What the task requires —
Across the data below, how many lines have the word "Poster" in them? Respond with the number alone.

Web page caption snippets
↓↓↓
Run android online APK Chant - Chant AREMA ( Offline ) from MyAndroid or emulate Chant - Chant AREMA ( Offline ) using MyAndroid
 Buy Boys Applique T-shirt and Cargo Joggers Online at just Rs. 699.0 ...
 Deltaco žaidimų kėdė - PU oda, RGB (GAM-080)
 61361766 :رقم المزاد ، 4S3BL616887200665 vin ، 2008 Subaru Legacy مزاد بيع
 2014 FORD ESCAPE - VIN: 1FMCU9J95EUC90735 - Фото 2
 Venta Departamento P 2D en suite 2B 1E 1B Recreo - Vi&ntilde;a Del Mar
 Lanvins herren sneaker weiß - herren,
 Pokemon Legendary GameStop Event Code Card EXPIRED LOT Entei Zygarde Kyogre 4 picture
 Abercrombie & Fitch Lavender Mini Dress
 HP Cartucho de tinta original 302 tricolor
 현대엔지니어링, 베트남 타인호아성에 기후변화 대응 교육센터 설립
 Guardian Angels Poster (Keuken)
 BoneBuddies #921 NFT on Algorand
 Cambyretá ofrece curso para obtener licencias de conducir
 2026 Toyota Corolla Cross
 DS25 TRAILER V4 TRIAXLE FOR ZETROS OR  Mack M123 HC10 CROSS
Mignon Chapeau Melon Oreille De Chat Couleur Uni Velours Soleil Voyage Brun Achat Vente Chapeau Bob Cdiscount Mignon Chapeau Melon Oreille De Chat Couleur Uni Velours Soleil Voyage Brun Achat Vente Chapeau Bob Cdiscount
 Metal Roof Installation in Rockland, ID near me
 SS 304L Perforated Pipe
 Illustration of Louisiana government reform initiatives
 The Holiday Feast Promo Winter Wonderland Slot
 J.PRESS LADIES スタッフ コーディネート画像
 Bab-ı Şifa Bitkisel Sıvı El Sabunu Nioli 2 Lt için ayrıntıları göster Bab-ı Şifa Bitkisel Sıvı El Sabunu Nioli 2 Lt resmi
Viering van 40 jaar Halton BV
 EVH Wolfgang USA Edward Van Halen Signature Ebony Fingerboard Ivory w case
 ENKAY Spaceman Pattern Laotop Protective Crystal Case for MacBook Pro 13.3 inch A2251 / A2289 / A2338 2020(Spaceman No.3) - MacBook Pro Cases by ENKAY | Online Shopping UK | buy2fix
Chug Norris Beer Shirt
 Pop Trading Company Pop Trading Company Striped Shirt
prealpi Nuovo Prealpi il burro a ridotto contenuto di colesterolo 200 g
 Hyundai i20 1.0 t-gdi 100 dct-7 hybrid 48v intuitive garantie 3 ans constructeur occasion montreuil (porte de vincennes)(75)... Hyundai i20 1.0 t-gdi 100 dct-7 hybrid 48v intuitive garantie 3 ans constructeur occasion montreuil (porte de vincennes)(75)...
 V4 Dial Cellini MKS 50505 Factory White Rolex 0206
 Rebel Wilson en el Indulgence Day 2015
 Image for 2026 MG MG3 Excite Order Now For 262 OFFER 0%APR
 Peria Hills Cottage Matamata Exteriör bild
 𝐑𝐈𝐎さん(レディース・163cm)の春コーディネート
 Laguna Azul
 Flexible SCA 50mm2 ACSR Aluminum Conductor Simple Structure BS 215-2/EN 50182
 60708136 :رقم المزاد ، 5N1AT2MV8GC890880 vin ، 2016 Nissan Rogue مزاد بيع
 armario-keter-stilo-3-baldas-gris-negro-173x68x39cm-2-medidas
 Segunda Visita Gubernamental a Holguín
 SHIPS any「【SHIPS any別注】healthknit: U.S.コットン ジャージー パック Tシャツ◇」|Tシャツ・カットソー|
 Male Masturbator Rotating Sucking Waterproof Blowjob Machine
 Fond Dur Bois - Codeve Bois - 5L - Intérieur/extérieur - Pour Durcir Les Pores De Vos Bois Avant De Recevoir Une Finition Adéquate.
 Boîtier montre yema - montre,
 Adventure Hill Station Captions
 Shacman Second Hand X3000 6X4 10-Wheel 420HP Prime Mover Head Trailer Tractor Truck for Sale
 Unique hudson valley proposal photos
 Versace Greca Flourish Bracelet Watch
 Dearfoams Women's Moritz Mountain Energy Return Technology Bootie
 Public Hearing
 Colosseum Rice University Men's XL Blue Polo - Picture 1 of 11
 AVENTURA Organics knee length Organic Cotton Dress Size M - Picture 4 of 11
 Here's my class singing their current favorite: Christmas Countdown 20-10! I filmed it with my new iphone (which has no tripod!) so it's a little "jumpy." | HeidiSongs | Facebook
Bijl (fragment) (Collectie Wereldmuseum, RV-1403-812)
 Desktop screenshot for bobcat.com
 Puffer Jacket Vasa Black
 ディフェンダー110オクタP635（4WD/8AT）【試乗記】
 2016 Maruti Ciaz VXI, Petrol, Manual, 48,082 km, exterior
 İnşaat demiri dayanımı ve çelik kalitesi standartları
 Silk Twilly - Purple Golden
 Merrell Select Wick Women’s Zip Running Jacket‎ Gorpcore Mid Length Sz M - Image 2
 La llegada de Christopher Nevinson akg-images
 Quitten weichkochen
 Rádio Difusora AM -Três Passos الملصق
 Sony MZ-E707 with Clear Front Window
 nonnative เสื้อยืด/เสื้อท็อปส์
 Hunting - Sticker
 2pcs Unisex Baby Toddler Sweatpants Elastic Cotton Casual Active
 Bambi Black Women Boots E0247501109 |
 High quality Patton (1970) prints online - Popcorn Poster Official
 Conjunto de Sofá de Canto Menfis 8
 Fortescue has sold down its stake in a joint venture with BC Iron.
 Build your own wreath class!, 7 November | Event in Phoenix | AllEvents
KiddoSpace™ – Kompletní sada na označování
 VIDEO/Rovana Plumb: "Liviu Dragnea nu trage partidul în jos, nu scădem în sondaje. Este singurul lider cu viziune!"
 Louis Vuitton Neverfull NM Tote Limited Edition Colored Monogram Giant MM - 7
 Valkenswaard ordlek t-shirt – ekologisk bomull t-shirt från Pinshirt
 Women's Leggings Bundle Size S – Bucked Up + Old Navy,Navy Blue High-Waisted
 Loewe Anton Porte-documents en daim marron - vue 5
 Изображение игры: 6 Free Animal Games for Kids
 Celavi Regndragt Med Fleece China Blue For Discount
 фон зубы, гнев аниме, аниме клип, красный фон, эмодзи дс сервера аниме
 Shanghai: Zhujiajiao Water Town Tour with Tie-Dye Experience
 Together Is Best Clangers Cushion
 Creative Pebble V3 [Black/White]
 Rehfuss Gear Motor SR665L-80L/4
↑↑↑
Response to this exercise —
2